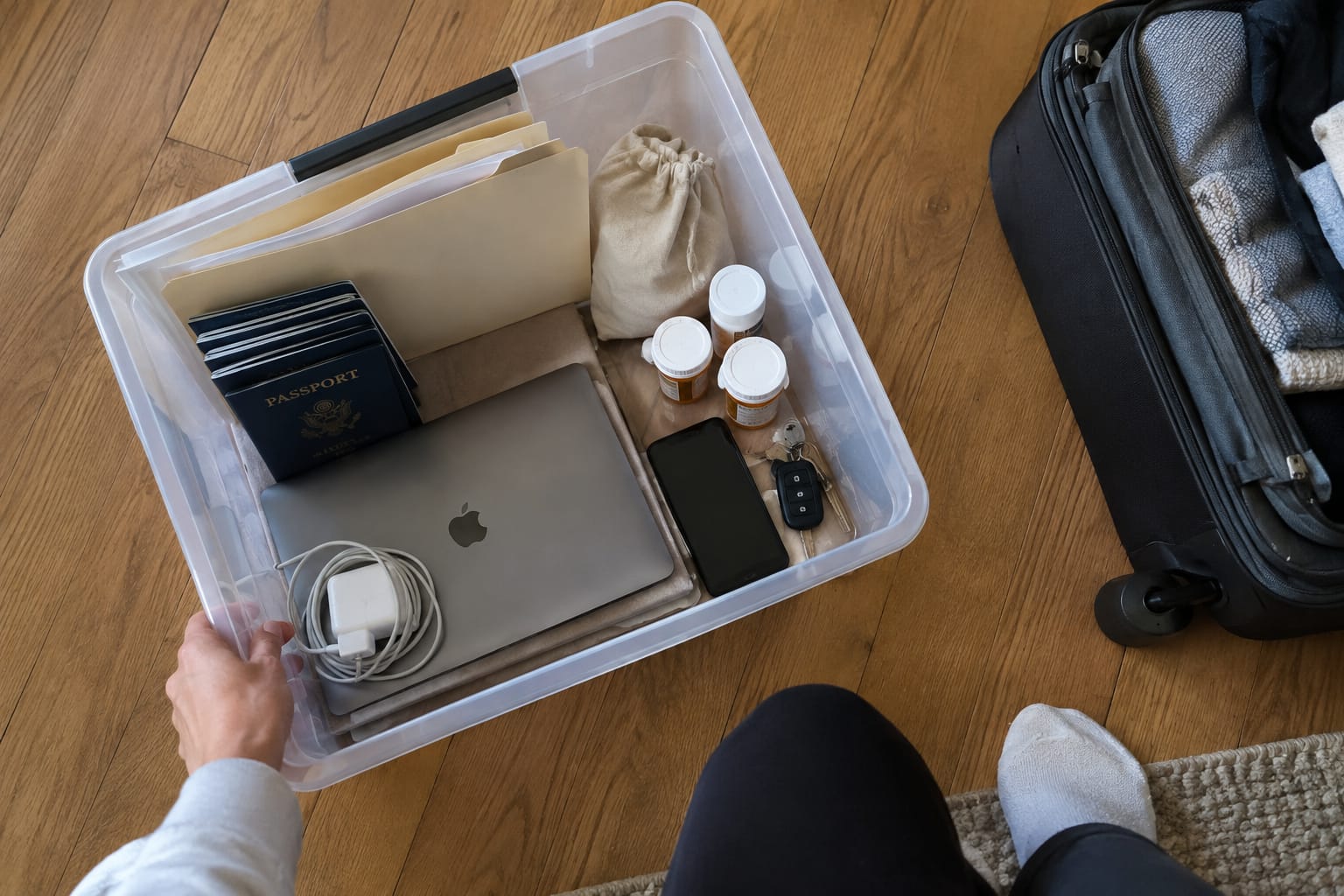 Overhead view of a clear bin with passports, jewelry, medication, and keys labeled 'GOES WITH ME' beside a suitcase.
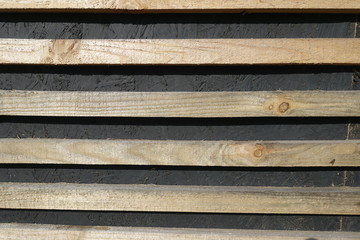 Thin horizontal unpolished and unpainted wooden planks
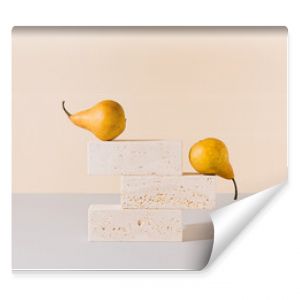 Golden yellow pears balancing on travertine marble blocks structure against gray and beige background. Creative gold summer fruit arrangement. Minimal retro styled surreal food art concept.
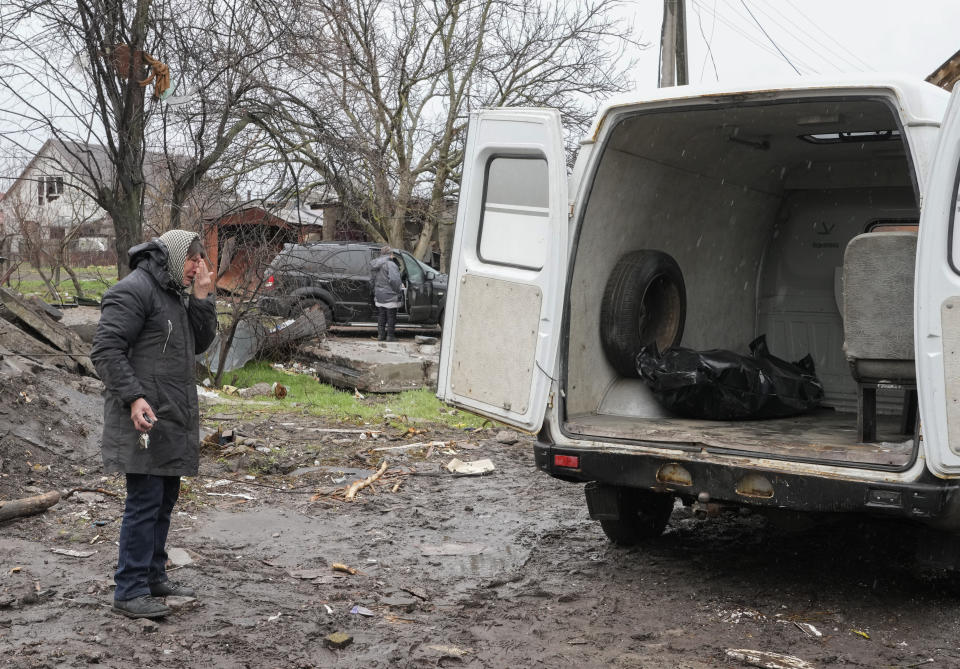 A relative cries as a body of a civilian killed in a Russian air raid at the beginning of the Russia-Ukraine war, was loaded on a van in Borodyanka close to Kyiv, Ukraine, Saturday, Apr. 9, 2022. Borodyanka was occupied by the Russian troops and freed in a month by the Ukrainian army, which allowed emergency workers to search civilian bodies under the ruins. (AP Photo/Efrem Lukatsky)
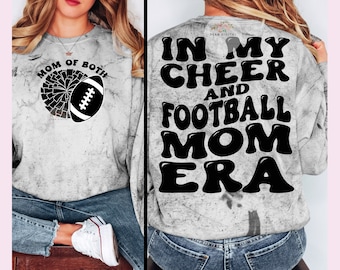 Op de afbeelding: Een wit sweatshirt met een verweerd, tie-dye-effect. De voorkant van het sweatshirt heeft de tekst "Mom of Both" met een cheerleading pompon en een voetbalafbeelding. De achterkant van het sweatshirt heeft de tekst "In My Cheer and Football Mom Era" in een retro-lettertype.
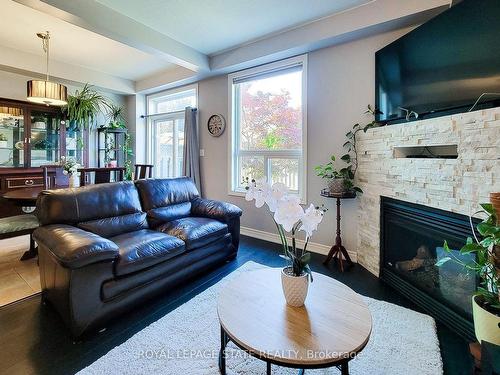 110 Marina Point Cres, Hamilton, ON - Indoor Photo Showing Living Room With Fireplace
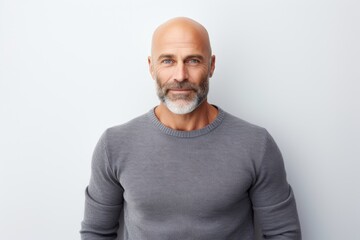 Wall Mural - Portrait of a satisfied man in his 40s showing off a thermal merino wool top isolated in white background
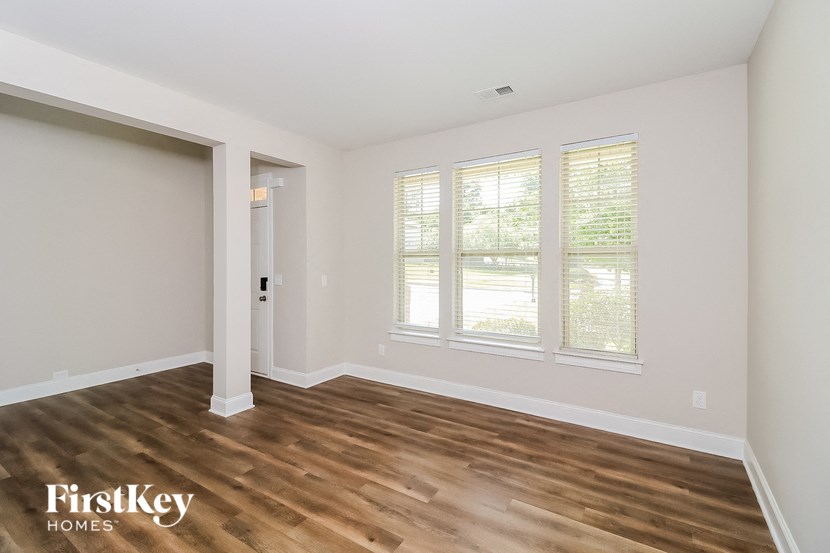 the living room of a home with wood flooring and white walls
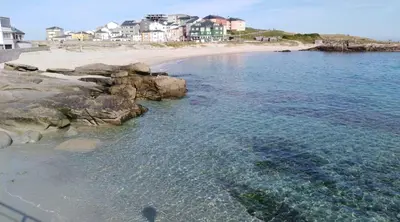 an aerial view of a beach with rocks and water at San Ciprian, belleza y tranquilidad. in San Ciprián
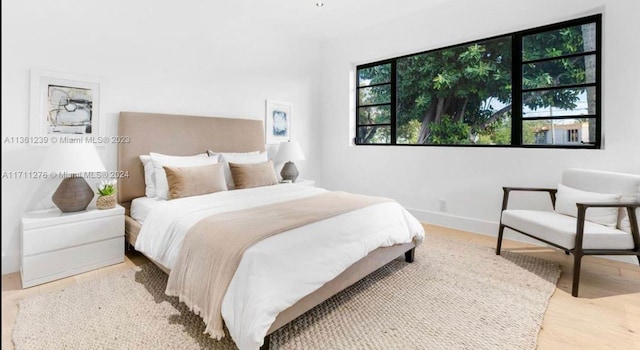 bedroom featuring light hardwood / wood-style floors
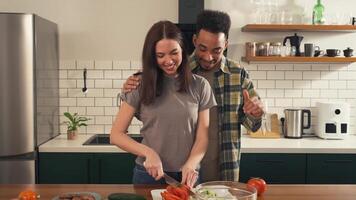 Multicultural couple enjoying a joyful morning in the kitchen as the camera moves from wide shot to close-up - woman slices salad while man dances nearby video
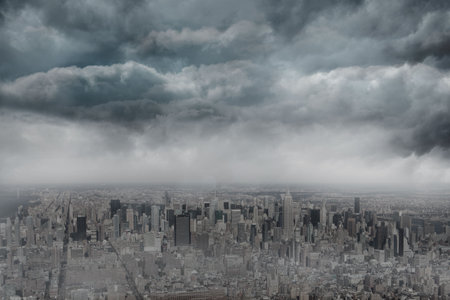Flat design panoramic city skyline is showing dense high-rise towers under swirling storm clouds. Urban, metropolis, architecture, skyline, weather, dramatic, monochromeの写真素材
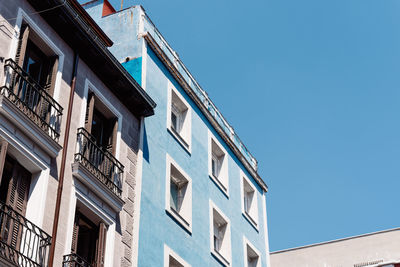 Low angle view of building against blue sky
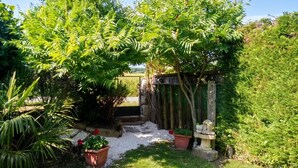 A garden with a wooden fence, potted plants, and a stone birdbath.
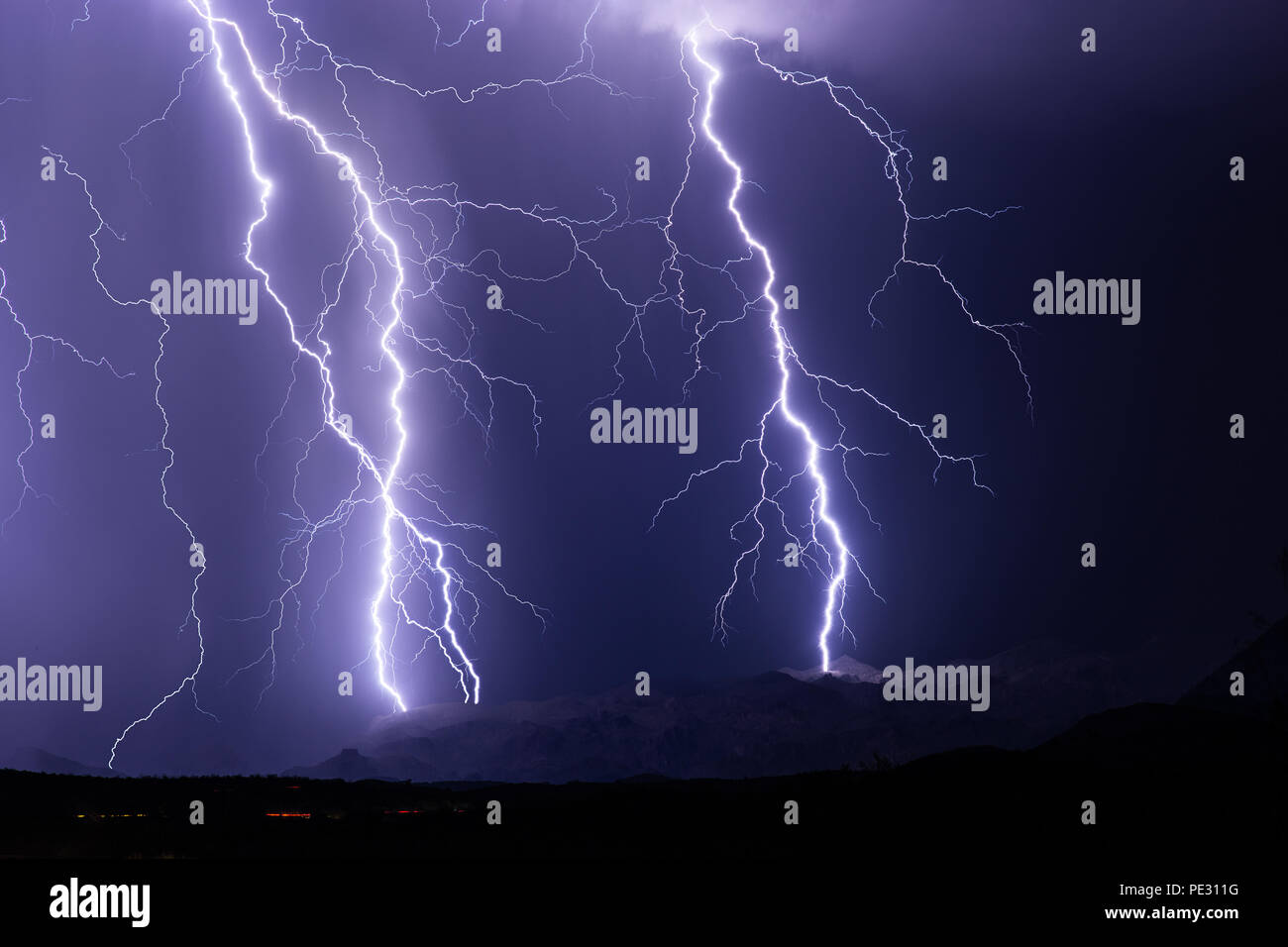 Lightning bolt strike in a storm Stock Photo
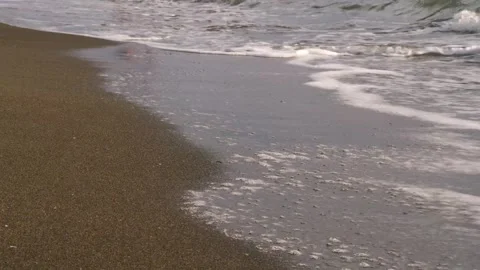 Gentle sea waves rolling onto the sandy beach in slow motion Видео 284667083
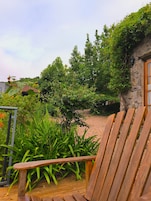 Una terraza de madera con una silla, rodeada de abundante follaje y un edificio de piedra.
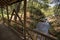 Wood bridge crossing a small river in Arvi park Medellin Colombia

* * * * * * * * *

-- Assignment --
Your output should be the lines from the line containing "Low angle view of building against blue sky" through the last line of the listing above, restated exactly, with no pictures among them.

-- Output --
 Low angle view of building against blue sky
 A garden with a wooden fence, potted plants, and a stone birdbath.
 Lightning bolt strike in a storm Stock Photo
 Gentle sea waves rolling onto the sandy beach in slow motion Видео 284667083
 Una terraza de madera con una silla, rodeada de abundante follaje y un edificio de piedra.
 Wood bridge crossing a small river in Arvi park Medellin Colombia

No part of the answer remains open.